A new breed of CEO in the C-suite

Oct. 9, 2014
Interviews with several recently appointed chief executives

Interviews with several recently appointed chief executives

Anthony Andora, Edge Consulting, Santa Monica, CA

Think back a few short years ago. Oil prices were at $147 per barrel. Natural gas prices surged to more than $13 per million cubic feet. And the United States was largely dependent on foreign governments for our resource needs.

Fast-forward to today and all of that has changed. The advent of horizontal drilling and fracture simulation has brought about a renaissance in the oil and gas industry. The once untapped Bakken shale now produces more than one million barrels of oil per day. The Marcellus shale recently surpassed the Barnett shale to become the largest natural gas producing region in the United States. And the US Energy Information Administration now predicts that the US will become energy independent by the year 2020.

While all these changes are quite visible to the American public, another more subtle, less visible change has also taken place during that same time period. This change, however, doesn't involve technology or multi-billion-dollar oil and natural gas investments. It involves a new breed of CEOs entering the C-Level suite.

While the responsibilities and duties of yesterday's CEO should in no way be minimized, today's CEO has additional obligations and commitments that previously did not rise to the attention of today's corner office executive. In fact, rare is the CEO who succeeds in today's competitive environment who does not pay heed to his/her capital markets, environmental, or institutional needs. In the past 24 months there have been more than a dozen CEO transitions at publicly-traded oil and natural gas companies, some prompted by activist shareholders, others not.

To learn more about the issues behind these changes and what requirements are needed for today's CEO, I sat down with several recently appointed CEOs to gain their insight and vision as to what it takes to succeed as a CEO in today's competitive, fast-moving environment.

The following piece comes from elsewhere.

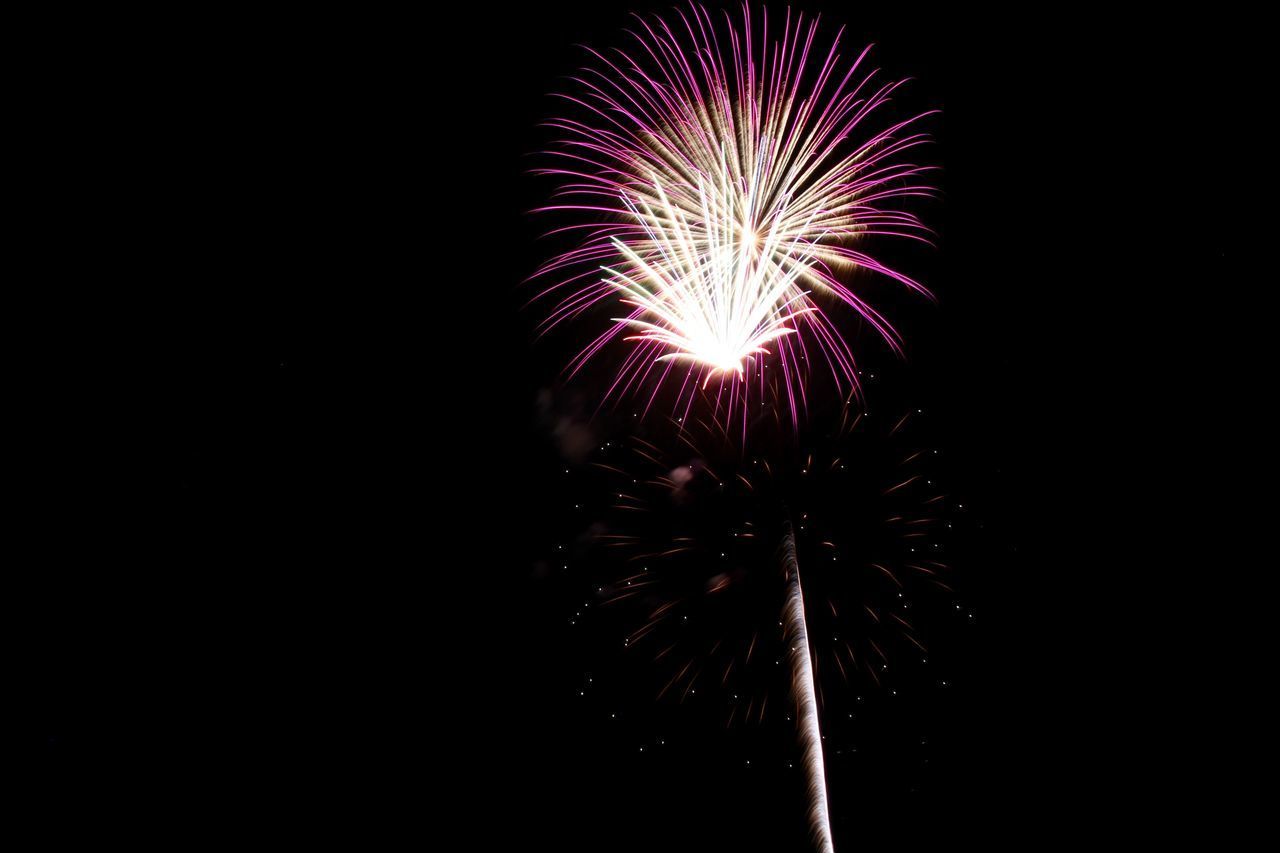 LOW ANGLE VIEW OF FIREWORK DISPLAY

Clockwise from top left: Rick Muncrief, WPX Energy; Ian Dundas, Enerplus; James Trimble, PDC Energy ; Bart Brookman, PDC Energy
WPX CEO RICK MUNCRIEF

Look back on Rick Muncrief's career and you'll see a list of household names in the oil and natural gas industry; names ranging from Conoco Phillips, Burlington Resources, and most recently Continental Resources. But ask Rick about his focal point on his first day on the job. You won't hear words like "drill-bit," "estimated ultimate recovery," or other industry terms. You'll hear three primary words/concepts (1) integrity, (2) scalability, and (3) identity.

While each of these words and concepts build-in the successful aspects of oil and gas development, Muncrief's intent appears to focus on developing a new culture at WPX, a culture that in no uncertain terms says: When we say we are going to do something both our internal folks and external shareholders can rely on it.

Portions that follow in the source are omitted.